Required work
Copy exactly the stretch of data below from the line with "Muñeco bebé Tiny" through the line with "Wiking Modelauto's - Diverse", including both of those lines.

Source data
--- START ---

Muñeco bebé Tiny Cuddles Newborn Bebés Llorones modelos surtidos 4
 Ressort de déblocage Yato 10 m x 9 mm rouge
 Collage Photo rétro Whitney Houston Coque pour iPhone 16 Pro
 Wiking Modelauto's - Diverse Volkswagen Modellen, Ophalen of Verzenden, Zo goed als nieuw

--- END ---
--- START ---

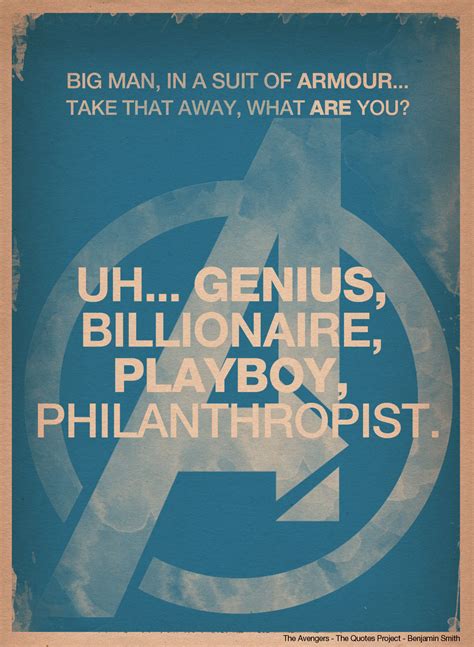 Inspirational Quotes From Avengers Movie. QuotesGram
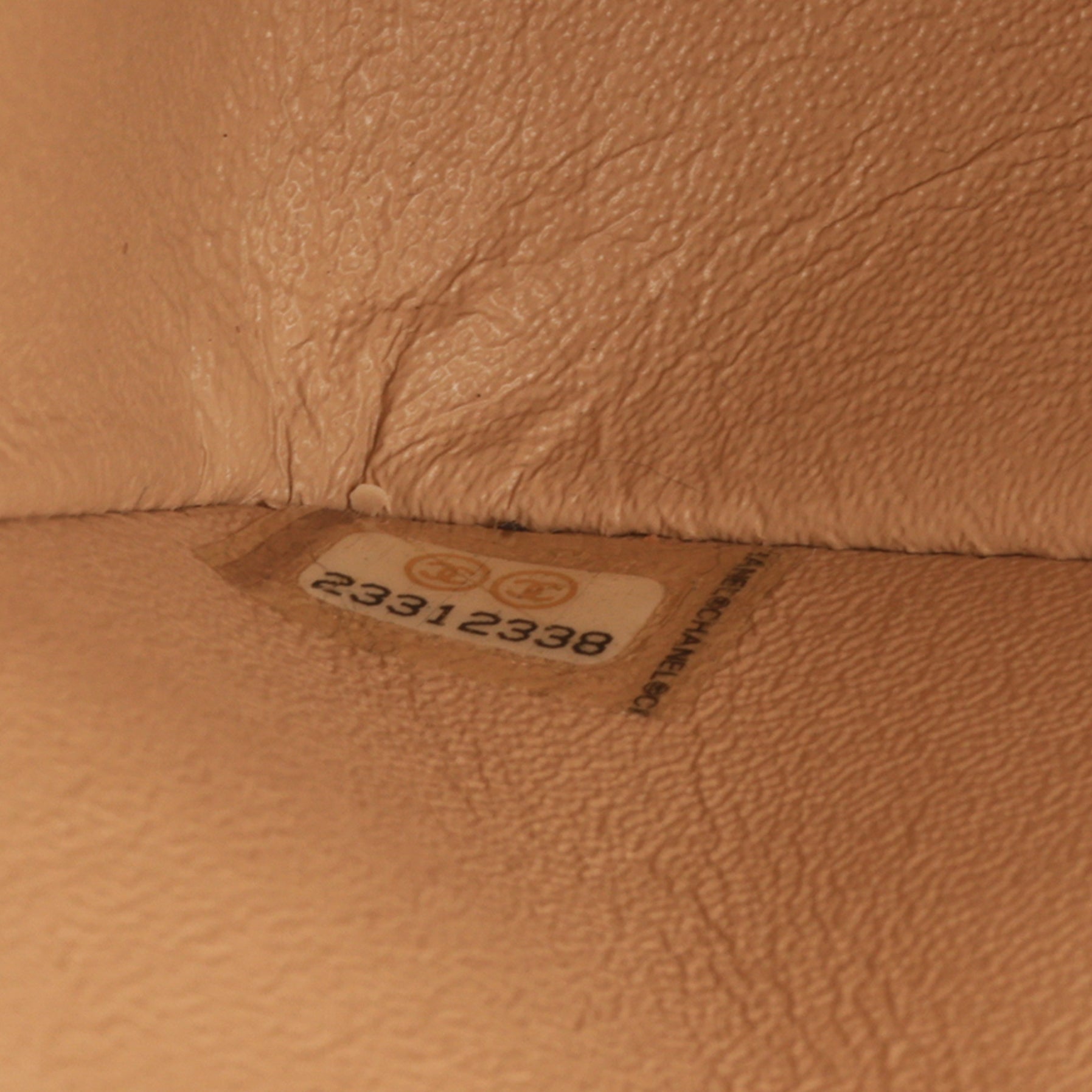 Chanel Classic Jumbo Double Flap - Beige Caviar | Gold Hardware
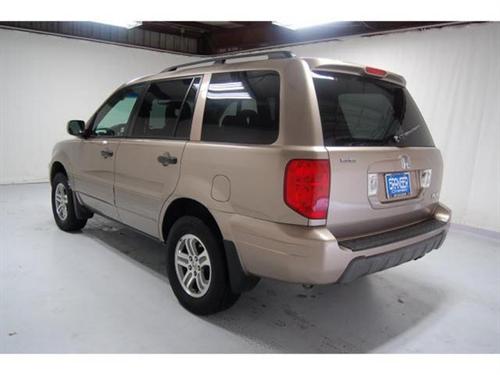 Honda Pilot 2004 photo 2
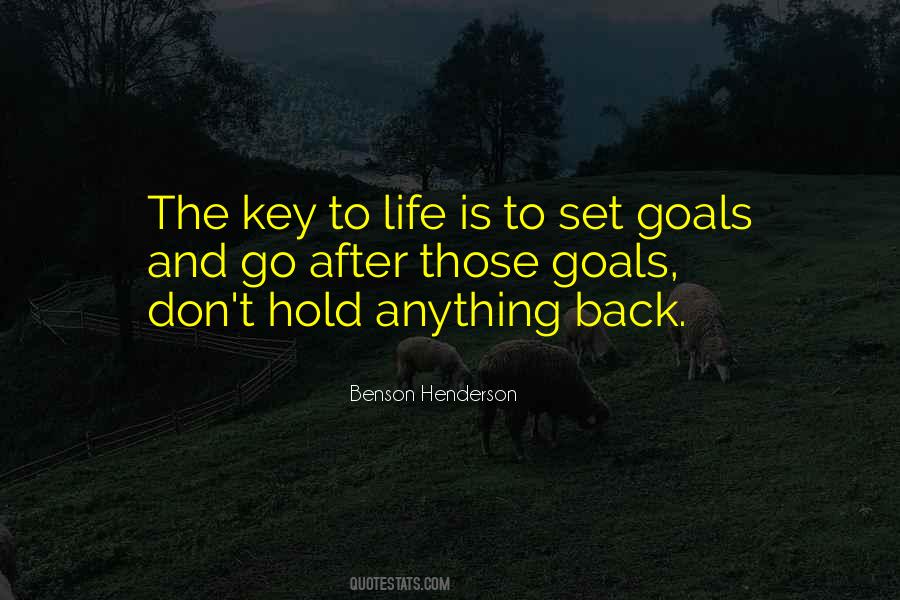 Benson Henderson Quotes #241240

--- END ---
--- START ---

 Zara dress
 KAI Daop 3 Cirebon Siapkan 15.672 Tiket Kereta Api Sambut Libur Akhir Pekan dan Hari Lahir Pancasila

--- END ---

Solution
Muñeco bebé Tiny Cuddles Newborn Bebés Llorones modelos surtidos 4
 Ressort de déblocage Yato 10 m x 9 mm rouge
 Collage Photo rétro Whitney Houston Coque pour iPhone 16 Pro
 Wiking Modelauto's - Diverse Volkswagen Modellen, Ophalen of Verzenden, Zo goed als nieuw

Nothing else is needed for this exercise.